▶ PROBLEM STATEMENT: A picture-free, exact reproduction of the listing that follows is required.

• • •

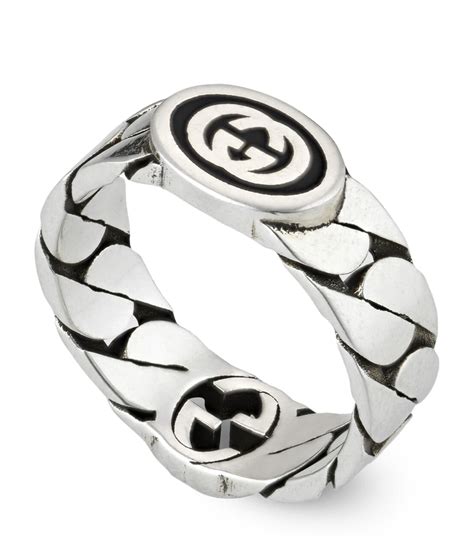 interlocking g ring in silver gucci|Gucci interlocking g silver ring.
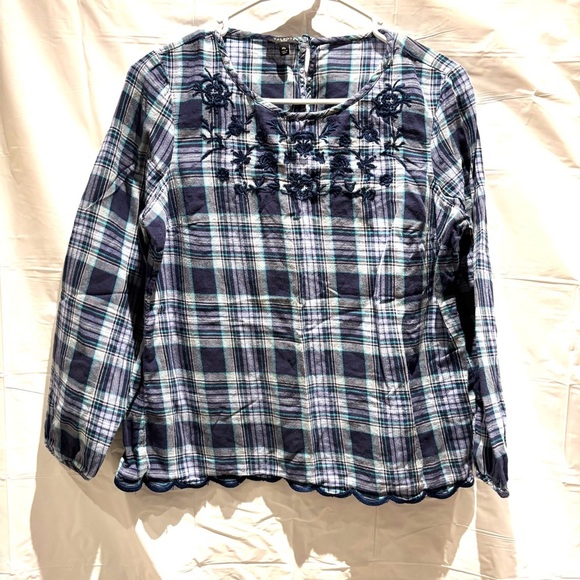 Talbots top plaid scalloped trim floral embroidered blue purple. SZ M P NWOT - Picture 12 of 13
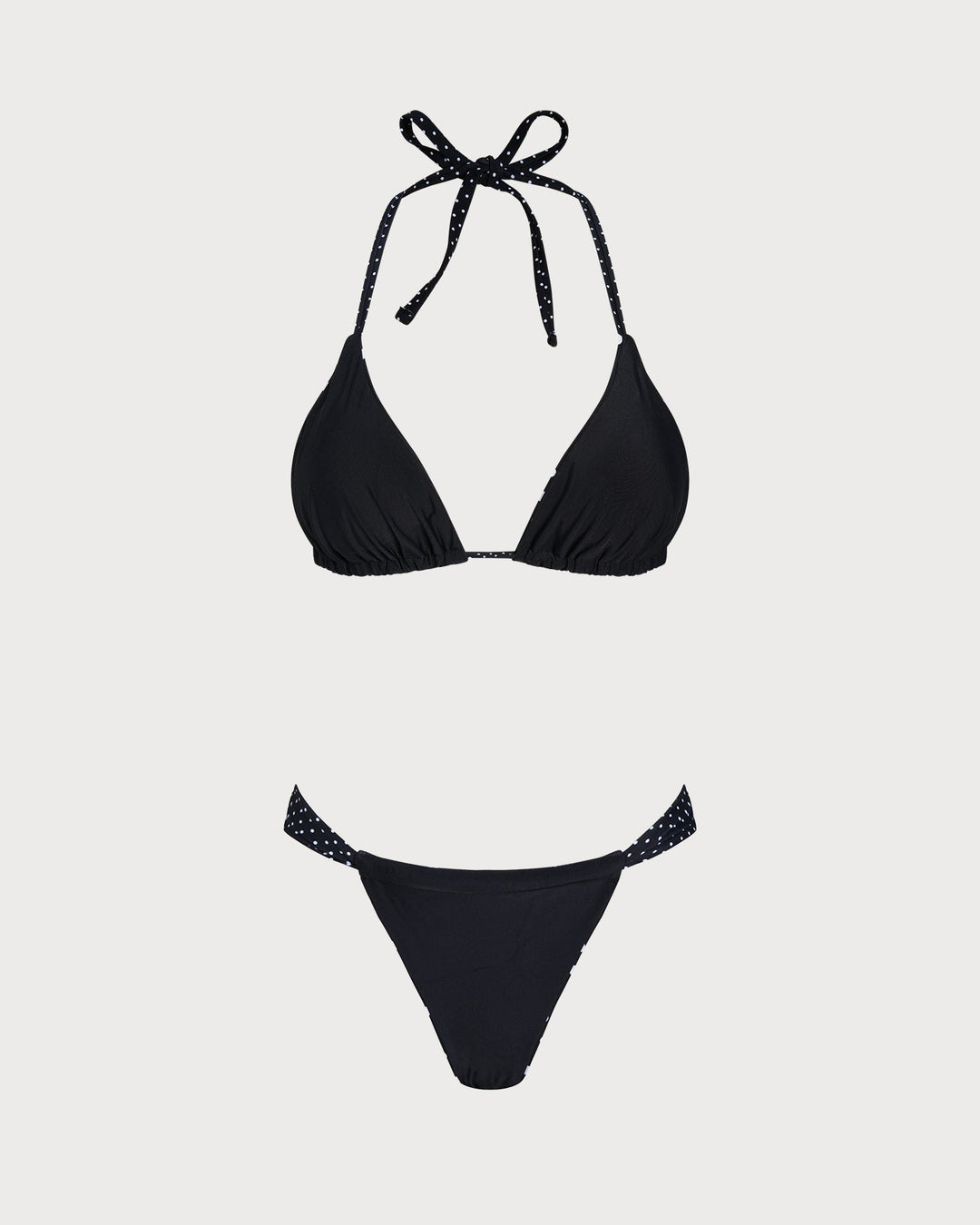 Clara & Sophia | Reversible Bikini Set for Women in Black Polka Dot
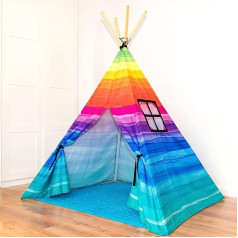 NUBUNI Teepee telts bērniem Akvareļu krāsā | Tippi bērnu telts zēnam | Bērnu telts iekštelpās | Bērnu telts ar grīdas paklājiņu un uzglabāšanas maisiņu | Tippi bērnu telts ar grīdas paklājiņu un uzglabāšanas maisiņu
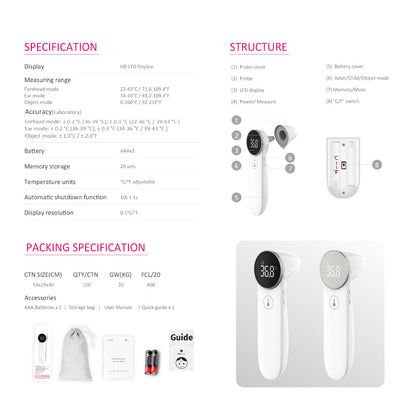 Dual Mode Forehead and Ear Thermometer #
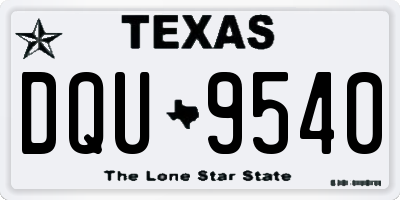 TX license plate DQU9540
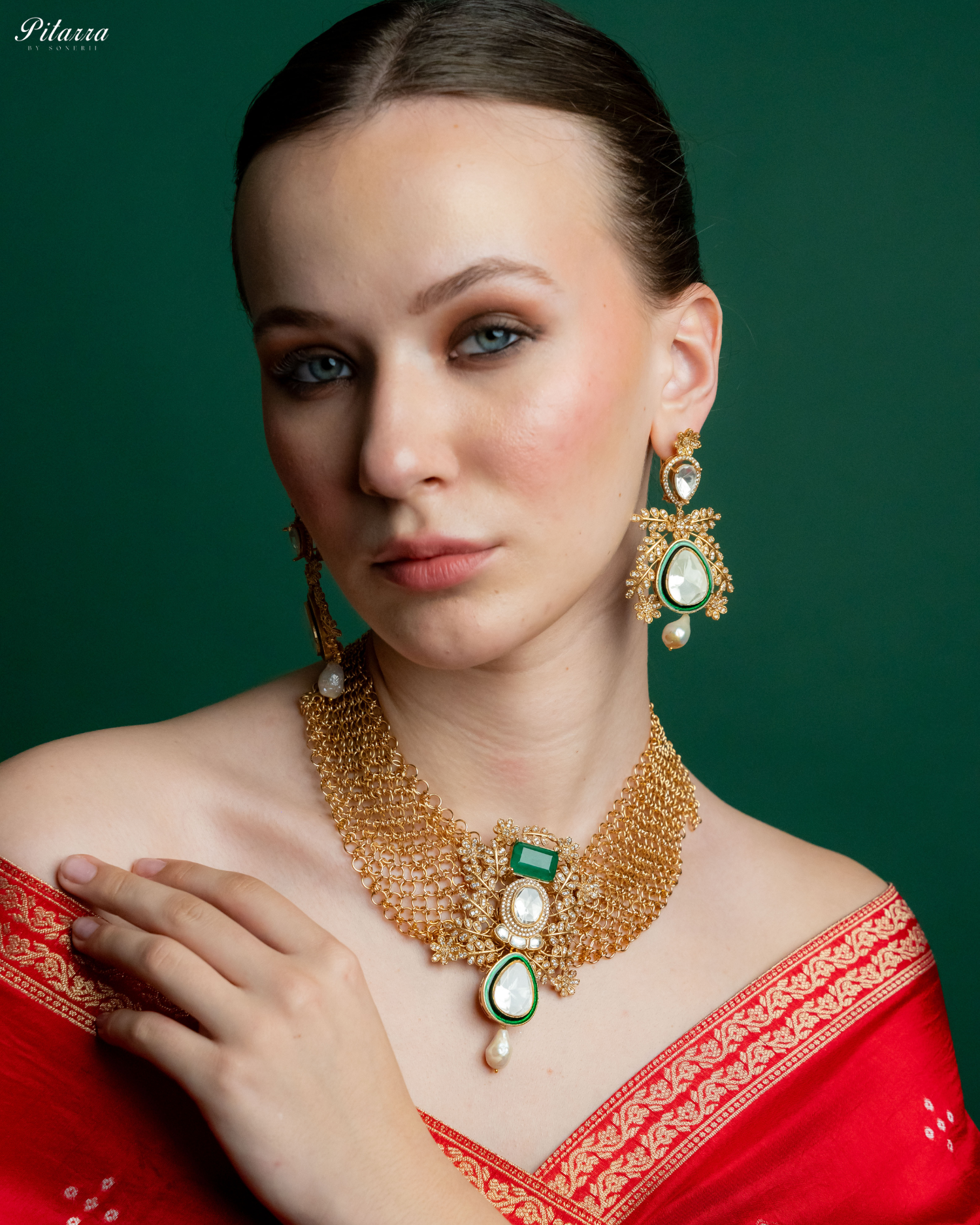 White Crystal Studeed Kundan Necklace Set_Image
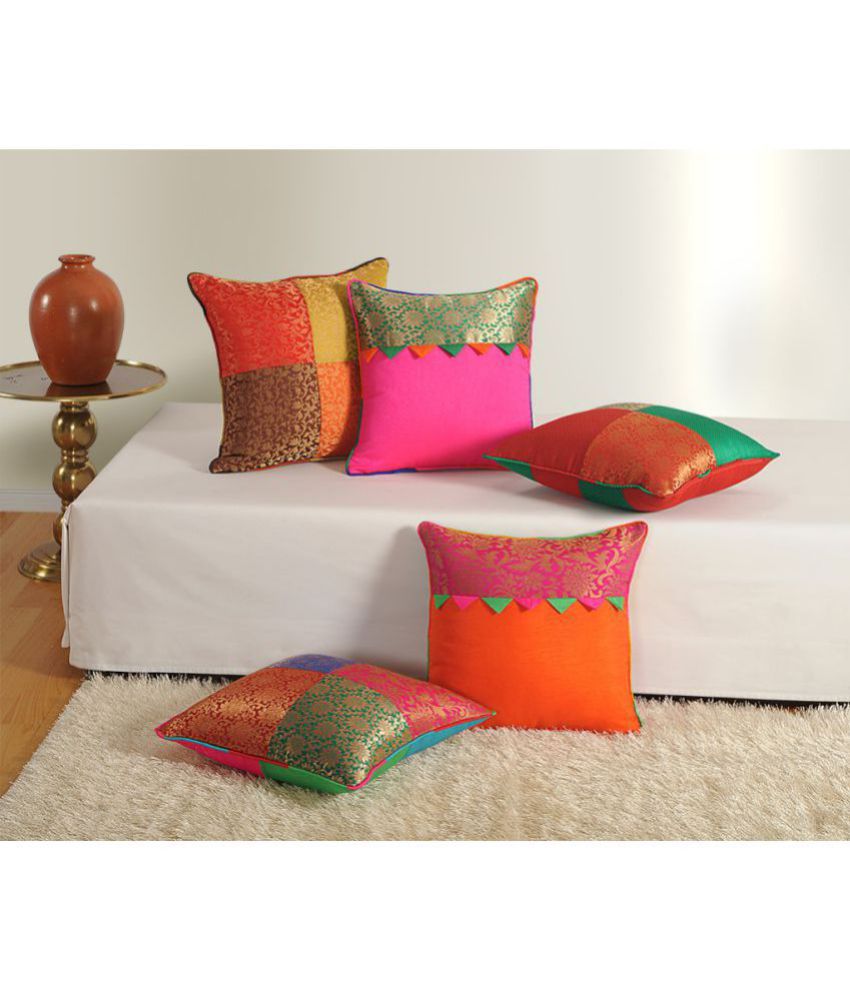     			Swayam Set of 5 Poly Cotton Cushion Covers Other Sizes
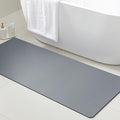 Ultra Thin Bath Mat, Upgrade Backing Non Slip Thin Bath Mats Fit Under Door, Quick Dry Ultra Absorbent Bathroom Rugs, Machine Washable Bath Rugs for Bathroom, Bathtub, Light Gray/Solid/59"x20"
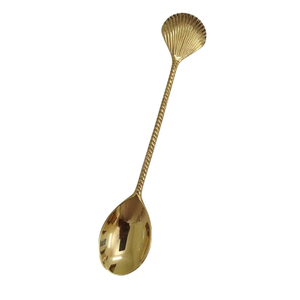 Cuillères à dessert en laiton doré avec manche décoré de feuilles pour la cuisine, la maison et les hôtels, cuillères de table pour le dîner - Product Image 6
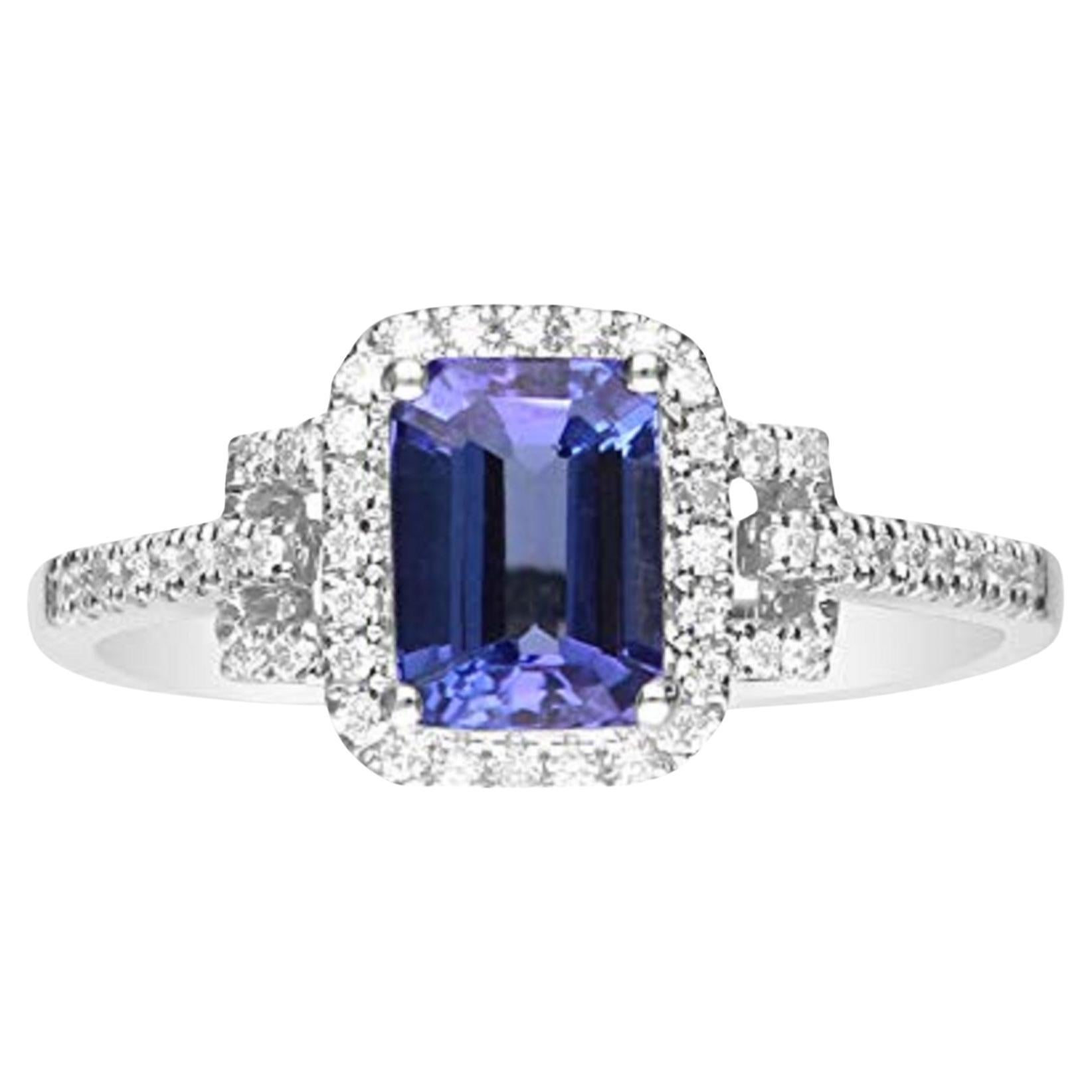 Gin & Grace 14K White Gold Genuine Tanzanite Ring with Diamonds for women  For Sale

• • •

▶ EXERCISE RESULT:
 interlocking g ring in silver gucci|Gucci interlocking g silver ring.
 Talbots top plaid scalloped trim floral embroidered blue purple. SZ M P NWOT - Picture 12 of 13
 Clara & Sophia | Reversible Bikini Set for Women in Black Polka Dot
 NUBUNI Teepee telts bērniem Akvareļu krāsā | Tippi bērnu telts zēnam | Bērnu telts iekštelpās | Bērnu telts ar grīdas paklājiņu un uzglabāšanas maisiņu | Tippi bērnu telts ar grīdas paklājiņu un uzglabāšanas maisiņu
 Dual Mode Forehead and Ear Thermometer #
 TX license plate DQU9540
 White Crystal Studeed Kundan Necklace Set_Image
     			Swayam Set of 5 Poly Cotton Cushion Covers Other Sizes
 Ultra Thin Bath Mat, Upgrade Backing Non Slip Thin Bath Mats Fit Under Door, Quick Dry Ultra Absorbent Bathroom Rugs, Machine Washable Bath Rugs for Bathroom, Bathtub, Light Gray/Solid/59"x20"
 Cuillères à dessert en laiton doré avec manche décoré de feuilles pour la cuisine, la maison et les hôtels, cuillères de table pour le dîner - Product Image 6
 Gin & Grace 14K White Gold Genuine Tanzanite Ring with Diamonds for women  For Sale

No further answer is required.